Entre uma canção e outra, conversaram. Não sei se o melhor, o mais rico, foram as canções que tocaram. Ou se a conversa que trocaram.
Marsalis é um filósofo da música. Já foi premiado com o prêmio Pulitzer, um dos mais admirados nos States. Entre outras coisas, ele disse que jazz é processo. E é encontro. É processo na medida em que envolve as pessoas. Congregando-as. E é encontro na medida em que promove a conexão como a que ele fixou com Holanda. Mesclando sentimentos.
Disse também que jazz é democracia. Na qual a bateria é o presidente da República porque dá o comando, a batida. E os metais são o Congresso porque dão a continuidade, o horizonte.

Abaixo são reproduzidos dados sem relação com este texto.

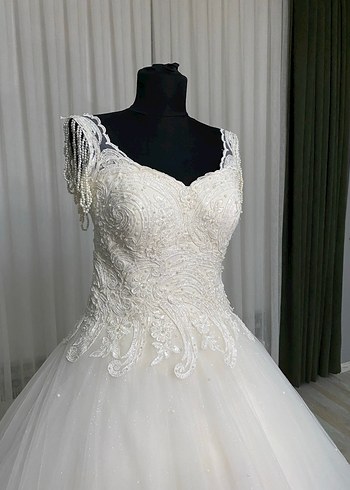 Kolları Boncuk Detaylı İşlemeli İpli Gelinlik 36-38 - Görsel 3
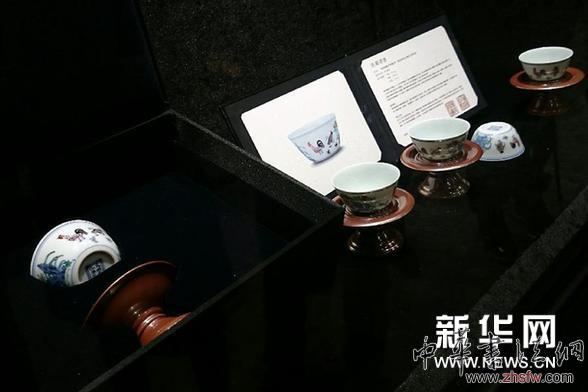 （文化）（2）华夏当代御窑陶瓷艺术精品展在京举行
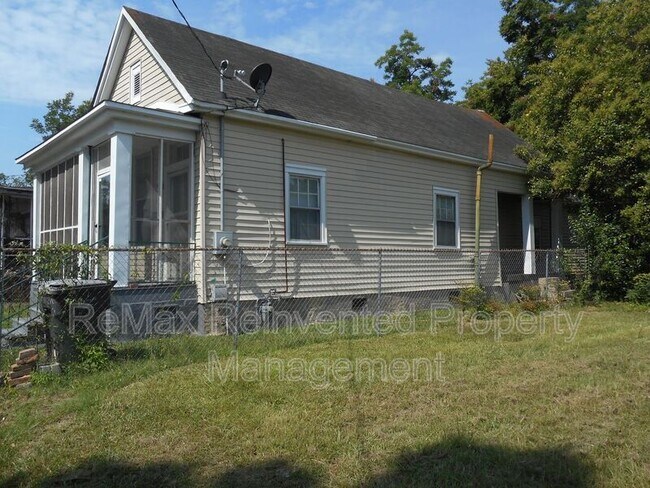 Building Photo - 1435 Chestnut St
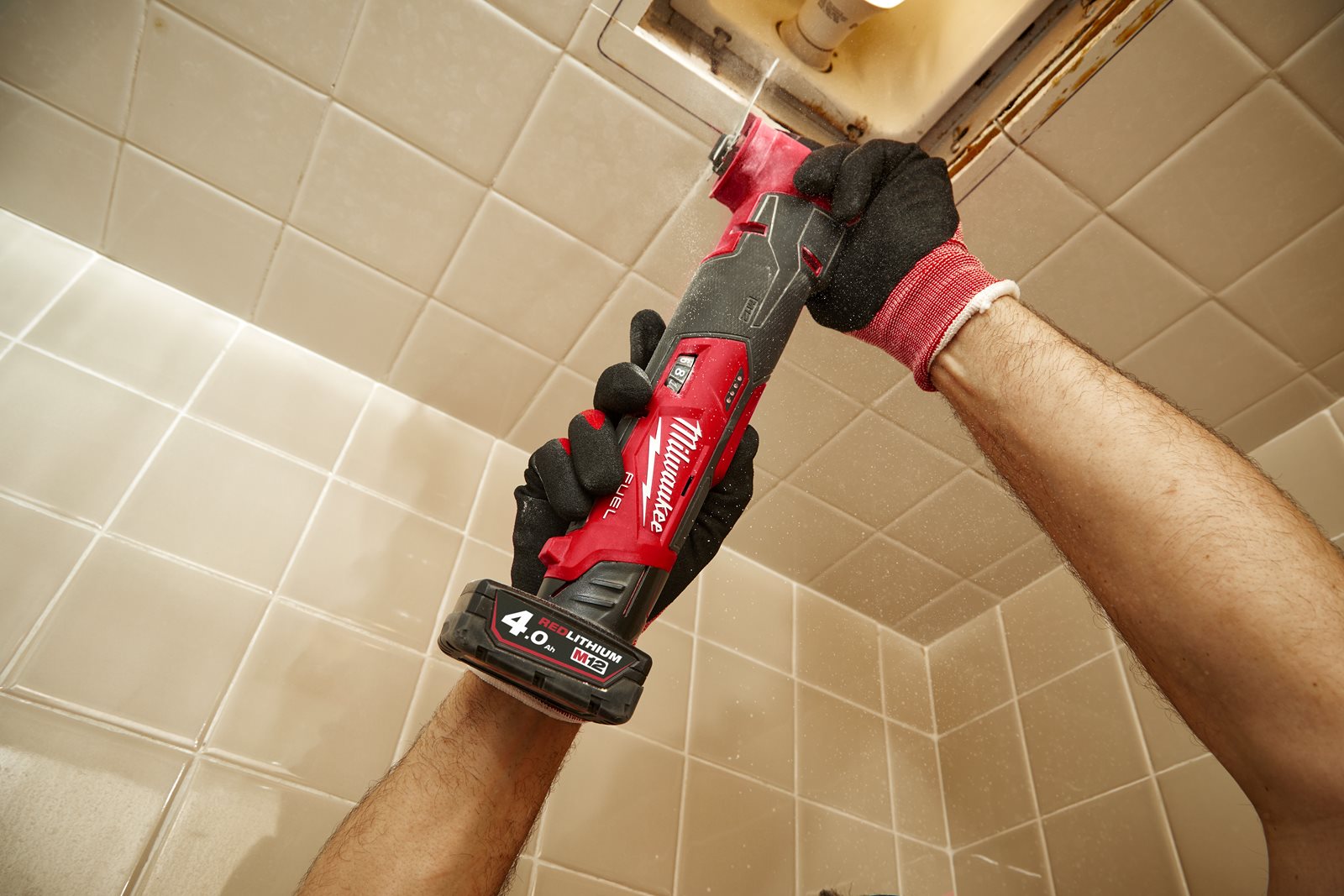 Unealtă multifuncțională M12 FUEL Milwaukee M12 FMT-0 - in utilizare 12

Bial aproveitou para dizer que essa também seria a aspiração do choro. Que deu berço ao samba. Cujo maestro, mestre maior, não seria outro senão Pixinguinha.
E, aí, teríamos a matriz comum de energia musical que vem de África. Trazida por ventos imemoriais. Tangida por amorosas inspirações. Sacramentadas por vocações incontornáveis. Afro-brasileiras. Quando Bial perguntou a Marsalis se ele apoiava talentos, na direção do Lincoln Center of Jazz, ele respondeu:
– Acredito mais na formação de uma cultura, apoiada no folclore, que beneficie gerações. Do que em talentos individuais.

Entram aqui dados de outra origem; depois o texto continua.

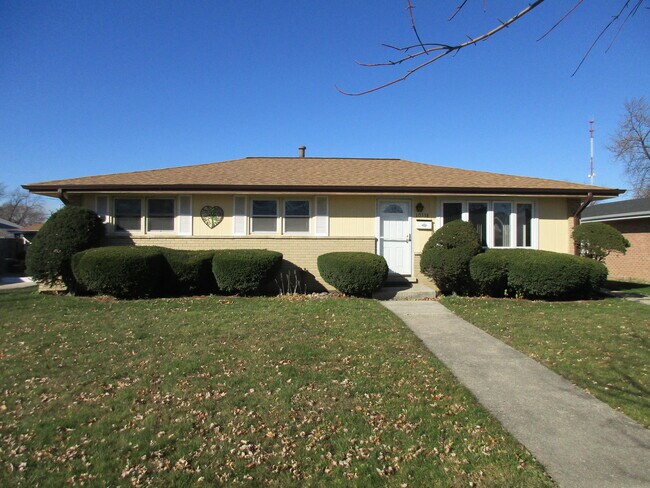 Photo - 10338 Barnard Dr House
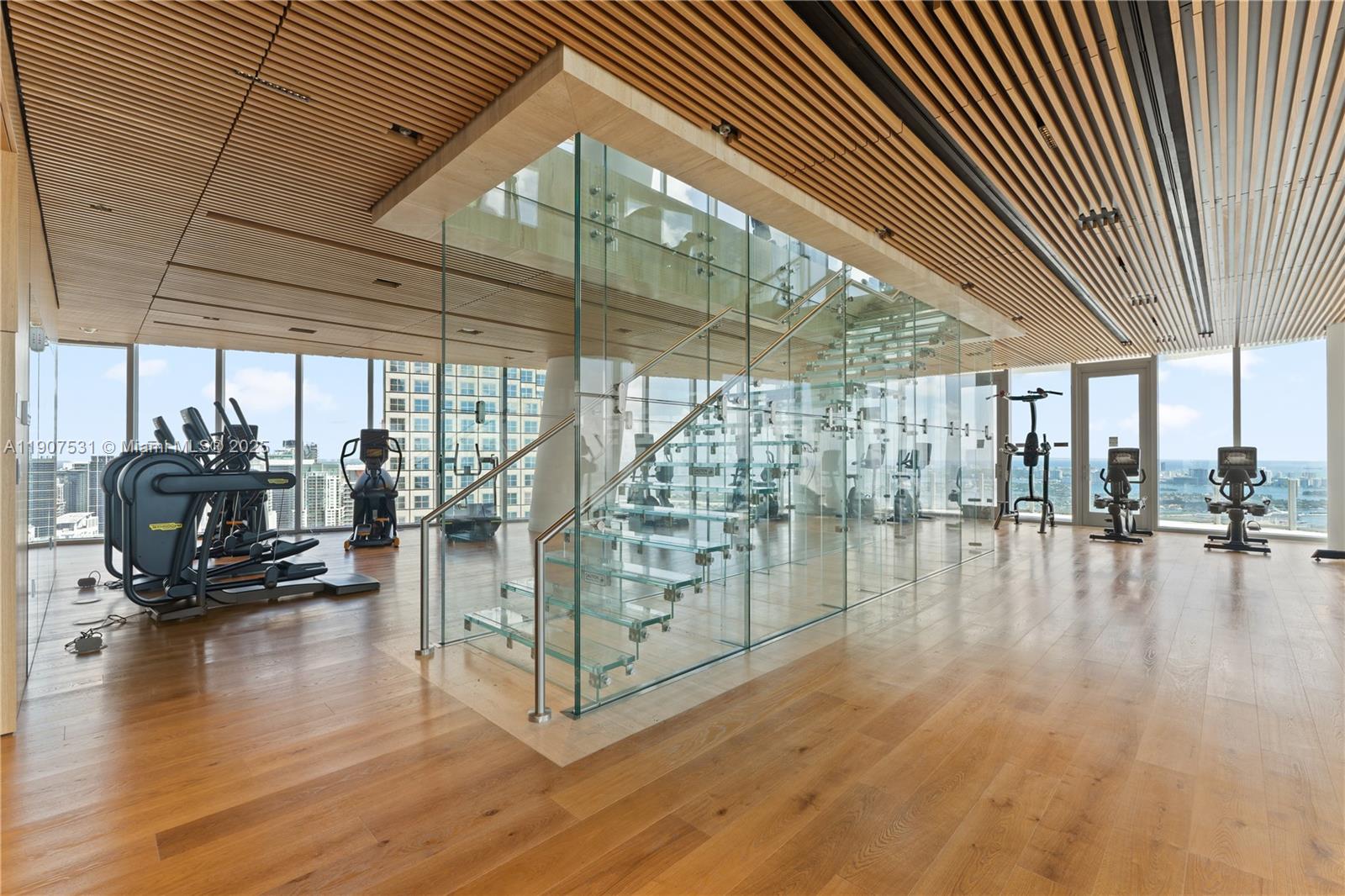 300 Biscayne Blvd Way #5003 Miami, FL 33130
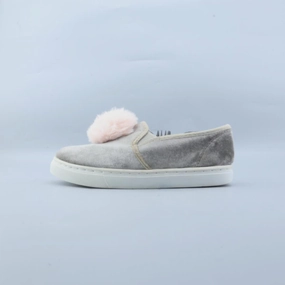 AMERICAN BRAND . American versatile shoes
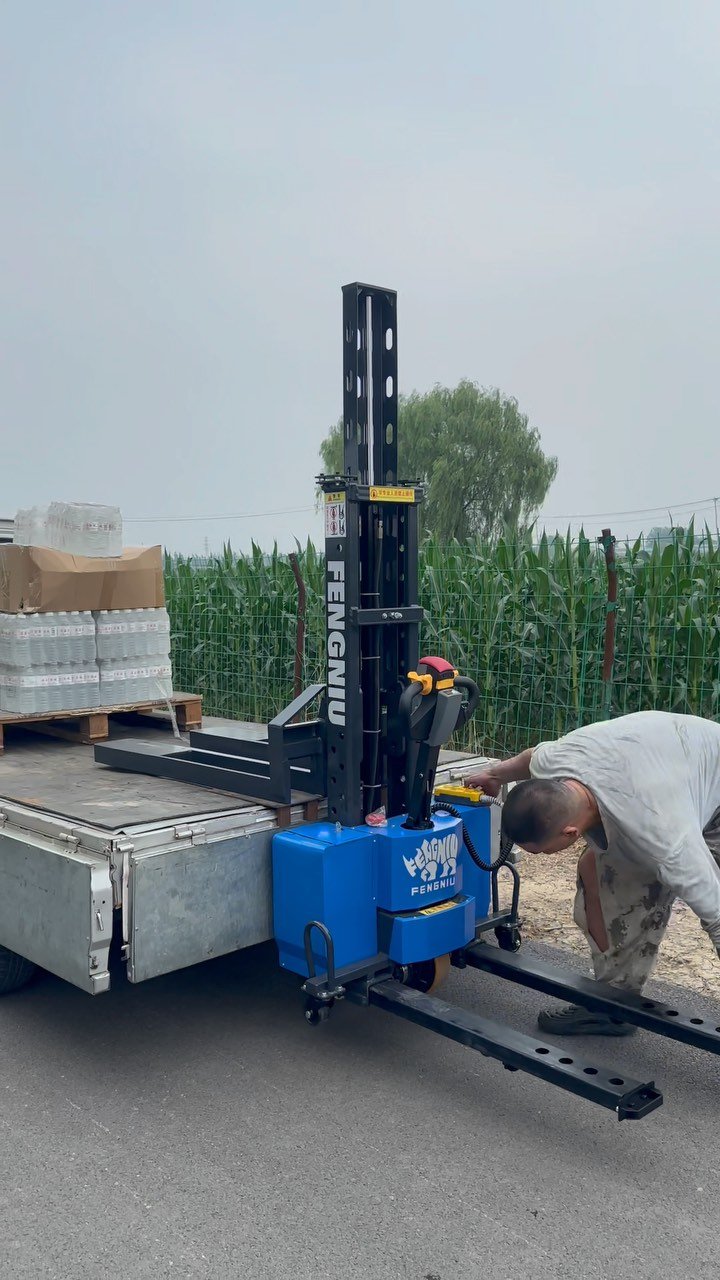 huahuawangwang 게시물 이미지: Follow your vehicle to load and unload goods...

Está aí, em poucas palavras, uma aula de educação. Uma lição de política cultural. Para encerrar o programa, os dois concertistas executaram, em dueto inesquecível, a canção definitiva de Jobim e Newton Mendonça, Desafinado. Homenageando João Gilberto, o inventor.
Já era madrugada. Desliguei a televisão. Abri a janela. Senti a brisa vinda do rio, deslizando sereno. Pensei nas palavras de Marsalis. Destacando a relevância estratégica do conjunto da cultura sobre o brilho do indivíduo.
Fico torcendo para que as decisões, em nosso país, readquiram essa integridade. Essa completeza. Esperança que os fatos induzam, aqui, a restauração de políticas universais. E não grupais. O Brasil anda precisando do nós. E menos do eu.
Olhei, mais uma vez, a noite do rio. Para despedir-me. Senti a música, como sempre, inspiradora. Eternizando a África, em Marsalis. E humanizando o Brasil, em Holanda.